Several women have come to chat in an apartment in the city of Kayseri and are greeted at the entrance by lavishly by framed verses from the Koran. Kayseri is located in the heartland of the Justice and Development Party (AKP), and the pious women gathered in the living room are core voters of President Recep Tayyip Erdoğan’s party. They enjoy sweet tea and cake but the stories they share are full of bitterness.
Kayseri is an historical trading center and a stronghold of Islamic conservatism. Giant posters of Mr. Erdoğan line the road into the city center. In the last presidential election, almost 70 percent of the city voted for him.
We are traveling through Anatolia for a week to learn why so many inhabitants steadfastly support their president and how they will vote this Sunday in the referendum on the presidential system he is seeking to introduce. Our trip includes Kayseri where Mr. Erdoğan’s most loyal supporters live, Şanlıurfa on the border to Syria where the focus is on attracting Kurdish voters and in the capital Ankara where, almost a century ago, the secular country was founded and whose constitution may undergo a radical change.

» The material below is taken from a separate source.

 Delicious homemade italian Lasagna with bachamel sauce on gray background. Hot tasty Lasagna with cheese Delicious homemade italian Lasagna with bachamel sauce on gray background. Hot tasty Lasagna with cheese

One of the women – a lawyer who, like everyone here, wishes to remain anonymous – recalls the start of her professional career. She repeats what a powerful public prosecutor once told her: "Either you take off that scarf and wear your hair openly, or I won’t issue you an internship certificate." She remembers all too well this violation of her rights that she had to endure as a young lawyer. Although 17 years have since passed, she is still distressed and angry. She consented to remove her headscarf to be certified as a lawyer. "I always had to take off the headscarf when I entered a courtroom," she says. "Imagine my hair that had been under a headscarf for hours. Imagine how it felt to enter the room to defend a client with my hair in that condition. And what that does to your self-confidence!"
The way these women tell it, Mr. Erdoğan restored the self-confidence of these pious Anatolians. They consider him to be one of them – the first leading politician who respects their way of life and doesn’t humiliate them like the old, secular elites. They believe people will stand behind Mr. Erdoğan and vote yes in the referendum.

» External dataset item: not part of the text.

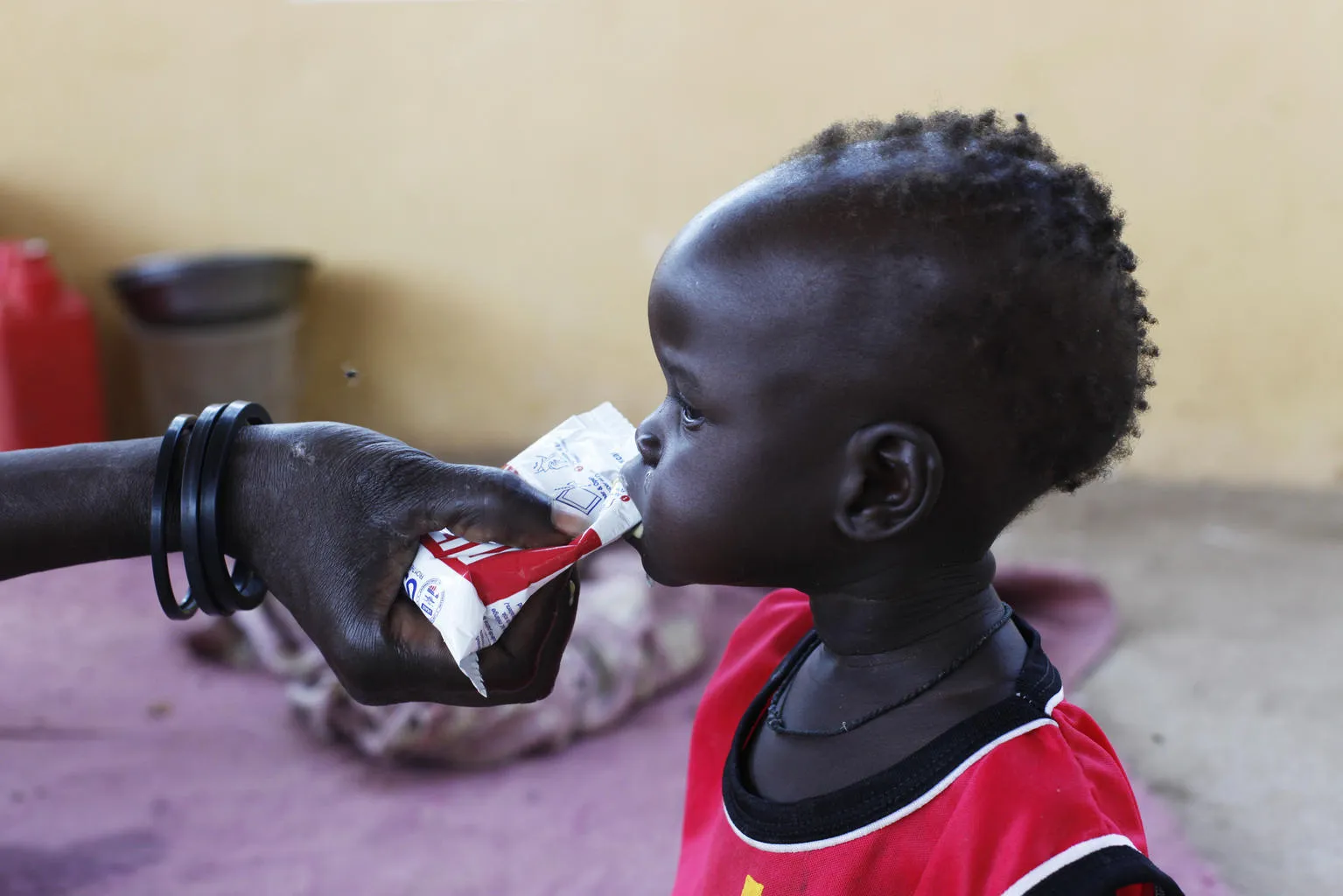 Children eating nutrition supplement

The conversation is tense because the women don’t trust the press, especially a journalist from a German newspaper. Yet one senses their curiosity. The women want to know how Turkey is seen in Europe and they want to send a message. "You Europeans still see Turkey as a sick man," says one of them in her mid-60s. "Europeans believe that they command and we obey. But we are savvy, which you find hard to digest." Their host adds: "We believe we’ll be rid of all the naysayers when we vote yes. Then they won’t be able to block our path anymore." The naysayers are not only the old elites in Turkey but also the West and Europe, which can only be held at bay by Mr. Erdoğan.
For these women, the headscarf remains a fundamental issue. All of them have experienced exclusion and humiliation – whether in school, at the university or in their professional lives. As pious Muslims, they have not been able to pursue careers in state institutions. The lawyer says she’ll never forget how female students were required to individually enter a so-called persuasion room where they were pressured to uncover their heads. Whoever refused was threatened with expulsion. This practice only changed in 2002, when Mr. Erdoğan’s AKP gained power. "Today, I can wear the headscarf and work anywhere without being forced to act against the tenets of my faith," the lawyer says.
During her years as a student, the conflict between the Kemalists – the proponents of secularism and hence of the prohibition against headscarves – and the Islamic conservatives reached its peak. That was during the 1990s, and the pro-Western government was disturbed by the political gains of the Islamic conservative parties. In 1997, the military threatened to stage yet another coup, which, however, never happened. But as a consequence of this threat, the basic rights of Islamic conservative citizens were reduced. Wearing a headscarf in public was no longer allowed, and the state-sponsored İmam-Hatip schools favored by religious circles were closed.
Neither the Erdoğan government nor the residents of Kayseri have forgotten those days. From conversations with these women, it becomes clear when the foundations for Mr. Erdoğan’s present power were laid.